ヒノキゴケやシッポゴケも、伸びた先端が茶色くなることがありますので、その時はトリミングします。

胞子体も同じくで、茶色くなって役目を終えた胞子体は、ピンセットで取り除きます。お花の花柄摘みと同じです。この時期、タマゴケの胞子体がすべて茶色くなり、作製前、出荷前に行う取り除き作業が修行のようです。タマゴケだけに玉抜き作業と呼んでいます。(男性は股間がきゅんとなる呼び方ww)

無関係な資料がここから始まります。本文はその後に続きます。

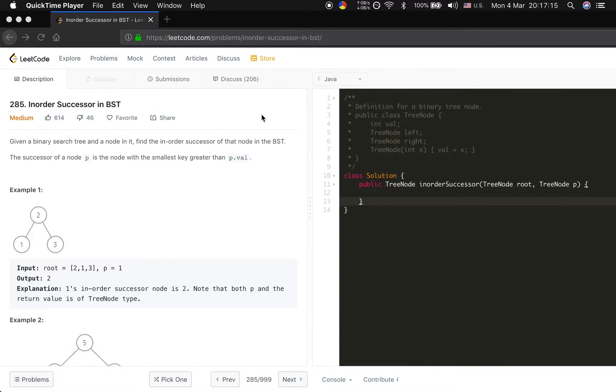Hello friends. Today I will try to solve the inorder successor in BST.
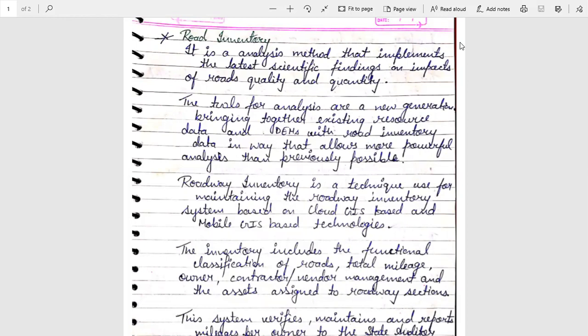What is Road Inventory? It is an analysis method that implements the latest scientific findings on impacts of road quality and quantity. The tools for analysis are a new generation bringing together existing resource data and DEMEs with Road Inventory data in a way that allows more powerful analysis than previously possible.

胞子体の茶色くなった部分は結構カビの温床になります。
タマゴケの胞子体に生えたカビ。
この程度なら、胞子体ごと抜き取れば問題ない。



【適した環境に置く】
一般家庭での栽培には関係ないかもしれませんが、小売店では納品された商品が全部棚に置けないとき、箱の中に入れておく習慣があります。真っ暗な環境ではコケが光合成できず、カビの方が優勢になりやすい環境が生まれます。よく箱から出し忘れた苔テラにカビが発生しているのを見かけるので、その点も注意です。
家庭環境では、窓のない玄関、窓のないお手洗いなどに置いた場合が、そのような状況になります。窓のない空間では、人工照明(LED、蛍光灯など)でも栽培可能ですが、最低8時間程度明るさを保つ必要があります(8~10時間くらいが理想です。もっと長く当てていてもOK)。4人家族であったとしても、トイレに入って電気をつけている時間はわずかでしょう。窓のないトイレに苔テラを置く場合は、日中電気をつけっぱなしにしてください。

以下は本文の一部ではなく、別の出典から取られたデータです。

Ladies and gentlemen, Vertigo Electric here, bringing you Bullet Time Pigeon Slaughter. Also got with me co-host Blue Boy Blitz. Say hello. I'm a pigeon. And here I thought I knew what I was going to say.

ようは、コケがイキイキ育つ環境であれば、カビが優位に繁殖することは少ないのです。


植物育成用のLEDでなくても大丈夫。
ニトリで売ってるのスタンドライトでも十分に育ちますよ。
☆LEDによっては熱が高く出るものがありますので、ライトと容器の距離は臨機応変調整してください。また、一部の水槽用LEDは水を通したときに、植物へ十分な光が届く設計になっているので、強すぎて葉焼けするときがあります(ADAのライトは綺麗でしたがコケが焼けました)。


【丈夫に育てる】
上の項目にも当てはまることですが、コケを丈夫に育てれば、カビが寄り付きにくくなります。人が体力落ちているときに、風邪をひくのと一緒。

・コケに適した明るさ、温度の場所に置いてやること
☆前にもお話ししましたが、弱めの光に長く照らされている場所が好き。
・適度な水やり(乾燥させ過ぎず、水没させず)
・理想はたまに換気
換気については、フタを閉じたままでも問題ありませんが、一日一回、フタを一分間程度開けて、空気の入れかえを行うと、細胞が軟弱化せず丈夫に育ちやすくなります。




発生したときの対処法や、予防方法は後日まとめます。